Hacker News new | past | comments | ask | show | jobs | submit login
Show HN: An open-source, self-hostable synced narration platform for ebooks (smoores.gitlab.io)
338 points by smoores 8 months ago | hide | past | favorite | 67 comments
Hi, I made a thing! This is by far the most work I've ever sunk into a side project; I've been working on this thing for over two years, and I'm super proud of it, even though there's still a lot more to do!

Storyteller is a self-hosted platform for ebooks with synced narration. This is basically self-hosted WhisperSync, for anyone familiar with that Amazon product.

It's currently made up of two self-hostable backend systems and a mobile app for reading and listening to the books it produces. Technically it uses an open spec, EPUB 3's "Media Overlay", for syncing the narration, but very few ebook apps actually support Media Overlays, and even fewer work well and have nice interfaces.

The mobile app is available on the Apple App Store as "Storyteller Reader", and I plan to release it for Android as well early next year.

Anyway, I hope someone finds this interesting or useful!




Amazing! I've made a similar ebooks-audiobooks aligner years ago: https://github.com/r4victor/syncabook. At that time, I chose to synthesize the text and align two audio sequences because I found texts-alignment approaches (including ML-based ones) too compute-intensive and inadequate for long texts. I see Storyteller works by aligning the texts. Could you give some view on how long it takes to sync a book?

Also, my experience was that audio and text versions are often very different (e.g. the audio having an intro missing from the text). It'd be very interesting to know how well Storyteller handles such cases. Does it require manual audio/text editing or handle the differences automatically?


Hello! syncabook is awesome, and indeed Storyteller does take "the opposite" approach when it comes to forced alignment.

Others have linked to the docs, where I go into detail about the syncing algorithm, but at a high level:

Storyteller uses Whisper to transcribe the audio to text (this is the most computationally expensive part of the process)

Then we use a Levenshtein-distance-based fuzzy search algorithm to find each chapter in the text (this is attempting to account for the difference between audio and text versions, as you said!)

Then for each chapter, we find the start and end timestamp of each sentence, again using a fuzzy search across the transcription.

In general, Storyteller does a pretty good job; it treats the ebook as the source of truth, which means that at the moment it sometimes misses introductory and ending pieces of the audiobook, though it's on the roadmap to have some support for explicitly triggering those when that happens.


The docs say it's usually 1-4 hours depending on the book and the hardware: https://smoores.gitlab.io/storyteller/docs/syncing-books

The docs also have a detailed section about the algorithm that goes into how it auto-handles differences between the audio and the text.


One obvious optimization is to sample the audio file at regular intervals and transcribe only a part of the text.
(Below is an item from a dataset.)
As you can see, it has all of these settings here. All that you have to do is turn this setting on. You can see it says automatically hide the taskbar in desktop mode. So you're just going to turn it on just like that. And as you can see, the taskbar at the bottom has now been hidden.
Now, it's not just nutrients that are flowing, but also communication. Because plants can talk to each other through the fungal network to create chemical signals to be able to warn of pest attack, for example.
Then just interpolate the locations. This can speed it up by a couple of orders of magnitude.


This is true, but it really limits the ability to highlight the current sentence visually while it's being read, which is great for language learning and for reducing cognitive load. I actually spent a lot of time trying to get the timing as precise as I could to make this feel as natural as possible, and I think the effect is really nice!


Ah, makes sense. Maybe have it as an option?
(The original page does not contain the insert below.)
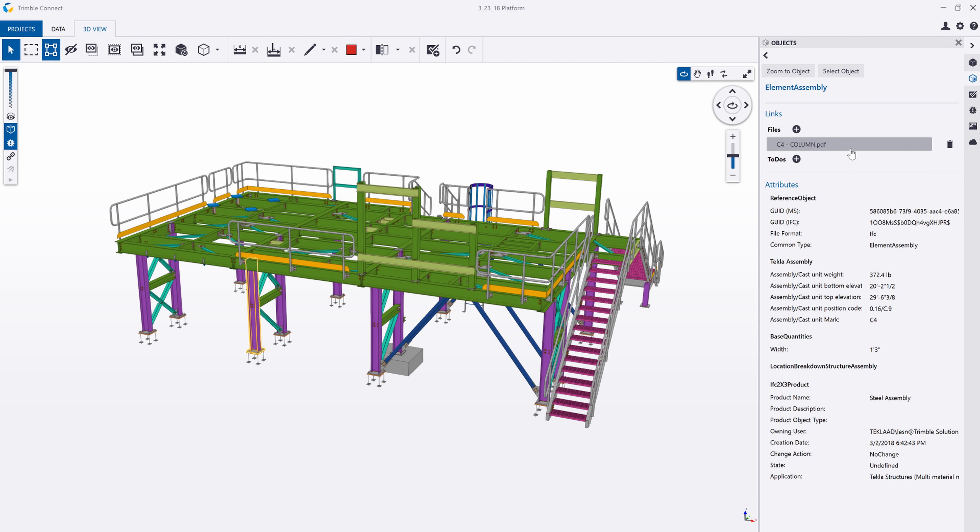So what this extension allows you to do is deliver a fully connected 3D model with the drawings and CNC files or IFC files linked to it so that it can be consumed or used by other people that you want to share with on the project.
And I haven't realized that you can actually see sentences highlighted as they are being read. I'd love that for Chinese (I'm learning it, so it'd help me a lot). I'll try and see if it "just works", and contribute a patch if it doesn't.


There's an open ticket for languages other than English! https://gitlab.com/smoores/storyteller/-/issues/10. If you want to take a look, please do! I don't have any contributing guidelines yet, unfortunately, but they'll probably come soon. I think Whisper does have Cantonese and Mandarin support, so it should be possible to add support for those languages, though we'll have to look into nltk support for sentence tokenization as well!
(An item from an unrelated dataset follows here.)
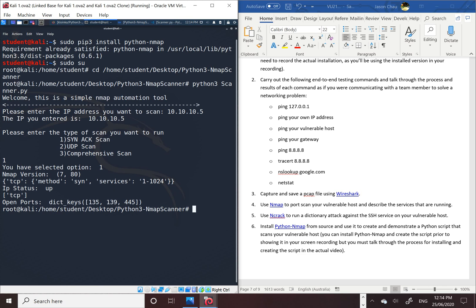So hope you like my nmap scan. It's a very useful scan, and hopefully I can see you next time on my next video. Bye.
A few years ago, I made that as a YouTube channel based on LibriVox audiobooks, maybe you'll enjoy it:

Simplified Mandarin: https://youtube.com/playlist?list=PLVlVz7EDz7fprPeVpqQCvlkMI...

Traditional Mandarin: https://youtube.com/playlist?list=PLVlVz7EDz7fpQZr29P5hqVveL...

... also 33 other languages https://youtube.com/@literature_for_eyes_and_ears/playlists

I left it to languish once I discovered the demand wasn't that great and I was spending more time making the videos than people ultimately spent watching them.


This is really neat, it's something I hadn't thought about before. I've started listening to audiobooks on my commute, but I read at night. I currently use audiobookshelf[0] to listen to my ebooks, and it has support for ebooks as well. I've added a comment[1] on a discussion if audiobookshelf could read the epubs your took creates.

[0]: https://www.audiobookshelf.org/

[1]: https://github.com/advplyr/audiobookshelf/issues/189#issueco...


> I've started listening to audiobooks on my commute, but I read at night.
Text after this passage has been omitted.